WORK ITEM: Go through the data line by line. Copy each one holding the string "Silver".

(Stored items from a collection)
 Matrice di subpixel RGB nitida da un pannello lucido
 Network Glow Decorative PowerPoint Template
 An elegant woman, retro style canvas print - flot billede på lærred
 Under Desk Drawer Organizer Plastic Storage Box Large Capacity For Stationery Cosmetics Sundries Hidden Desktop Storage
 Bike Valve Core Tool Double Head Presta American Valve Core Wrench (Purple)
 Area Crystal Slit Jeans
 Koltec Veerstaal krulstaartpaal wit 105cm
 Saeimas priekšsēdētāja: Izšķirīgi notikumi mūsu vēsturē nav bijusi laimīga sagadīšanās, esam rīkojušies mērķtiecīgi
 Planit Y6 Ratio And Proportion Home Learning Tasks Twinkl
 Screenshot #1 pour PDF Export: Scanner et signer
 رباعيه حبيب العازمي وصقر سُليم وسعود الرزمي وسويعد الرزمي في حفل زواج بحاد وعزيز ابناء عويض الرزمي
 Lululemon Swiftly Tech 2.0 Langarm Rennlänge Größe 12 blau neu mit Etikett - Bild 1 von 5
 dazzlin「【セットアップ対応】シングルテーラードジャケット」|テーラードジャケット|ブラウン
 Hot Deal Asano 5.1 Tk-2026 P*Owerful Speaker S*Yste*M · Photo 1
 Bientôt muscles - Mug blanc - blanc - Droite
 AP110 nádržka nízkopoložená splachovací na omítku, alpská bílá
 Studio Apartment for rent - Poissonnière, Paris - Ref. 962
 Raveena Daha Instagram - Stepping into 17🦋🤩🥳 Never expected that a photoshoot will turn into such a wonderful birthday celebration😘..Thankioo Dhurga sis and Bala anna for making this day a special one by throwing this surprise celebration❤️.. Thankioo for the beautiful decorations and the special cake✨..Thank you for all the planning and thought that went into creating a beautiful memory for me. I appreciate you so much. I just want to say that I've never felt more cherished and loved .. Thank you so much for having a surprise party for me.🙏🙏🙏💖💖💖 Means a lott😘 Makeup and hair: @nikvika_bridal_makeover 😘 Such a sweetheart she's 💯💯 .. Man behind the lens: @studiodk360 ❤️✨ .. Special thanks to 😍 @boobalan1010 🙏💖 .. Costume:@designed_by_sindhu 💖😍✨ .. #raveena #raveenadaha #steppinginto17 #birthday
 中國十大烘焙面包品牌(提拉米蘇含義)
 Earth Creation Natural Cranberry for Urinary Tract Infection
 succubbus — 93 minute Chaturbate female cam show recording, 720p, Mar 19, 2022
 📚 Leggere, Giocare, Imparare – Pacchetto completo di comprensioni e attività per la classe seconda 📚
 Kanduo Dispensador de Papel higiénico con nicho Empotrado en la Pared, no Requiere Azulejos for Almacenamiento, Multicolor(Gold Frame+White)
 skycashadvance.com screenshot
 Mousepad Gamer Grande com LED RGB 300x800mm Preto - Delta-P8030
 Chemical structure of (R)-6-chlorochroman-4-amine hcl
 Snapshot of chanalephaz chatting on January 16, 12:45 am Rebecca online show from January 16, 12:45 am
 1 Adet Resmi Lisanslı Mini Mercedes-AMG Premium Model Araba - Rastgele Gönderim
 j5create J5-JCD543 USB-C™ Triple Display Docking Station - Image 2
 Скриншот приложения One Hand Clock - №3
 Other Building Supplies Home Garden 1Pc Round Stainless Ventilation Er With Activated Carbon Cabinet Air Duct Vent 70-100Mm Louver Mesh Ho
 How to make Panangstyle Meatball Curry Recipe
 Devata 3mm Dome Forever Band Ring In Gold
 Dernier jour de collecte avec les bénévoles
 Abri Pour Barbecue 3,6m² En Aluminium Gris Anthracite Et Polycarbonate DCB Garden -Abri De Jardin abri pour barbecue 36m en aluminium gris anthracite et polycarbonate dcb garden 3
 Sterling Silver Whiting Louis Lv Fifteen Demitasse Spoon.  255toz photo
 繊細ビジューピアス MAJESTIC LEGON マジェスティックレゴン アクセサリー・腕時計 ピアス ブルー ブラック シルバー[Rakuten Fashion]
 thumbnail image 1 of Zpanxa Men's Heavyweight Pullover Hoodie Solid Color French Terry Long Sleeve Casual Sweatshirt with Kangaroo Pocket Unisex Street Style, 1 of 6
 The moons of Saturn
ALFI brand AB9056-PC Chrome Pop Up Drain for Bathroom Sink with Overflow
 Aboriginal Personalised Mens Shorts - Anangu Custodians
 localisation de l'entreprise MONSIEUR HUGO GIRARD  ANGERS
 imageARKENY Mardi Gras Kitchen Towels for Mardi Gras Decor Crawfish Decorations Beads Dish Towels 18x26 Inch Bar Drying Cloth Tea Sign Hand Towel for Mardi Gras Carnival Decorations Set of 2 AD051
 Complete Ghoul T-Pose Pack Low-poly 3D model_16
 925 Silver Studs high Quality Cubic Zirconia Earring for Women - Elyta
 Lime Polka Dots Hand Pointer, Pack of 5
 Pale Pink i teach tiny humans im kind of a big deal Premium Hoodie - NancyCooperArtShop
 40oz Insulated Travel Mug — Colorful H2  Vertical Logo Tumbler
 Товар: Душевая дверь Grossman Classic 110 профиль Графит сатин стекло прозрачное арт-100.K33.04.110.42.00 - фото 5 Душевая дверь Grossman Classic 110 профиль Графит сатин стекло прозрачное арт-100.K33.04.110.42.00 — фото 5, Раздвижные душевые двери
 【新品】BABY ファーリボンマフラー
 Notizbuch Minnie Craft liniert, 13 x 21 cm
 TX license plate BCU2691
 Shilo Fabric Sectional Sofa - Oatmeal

THE COMPLETED TASK:
 Sterling Silver Whiting Louis Lv Fifteen Demitasse Spoon.  255toz photo
 925 Silver Studs high Quality Cubic Zirconia Earring for Women - Elyta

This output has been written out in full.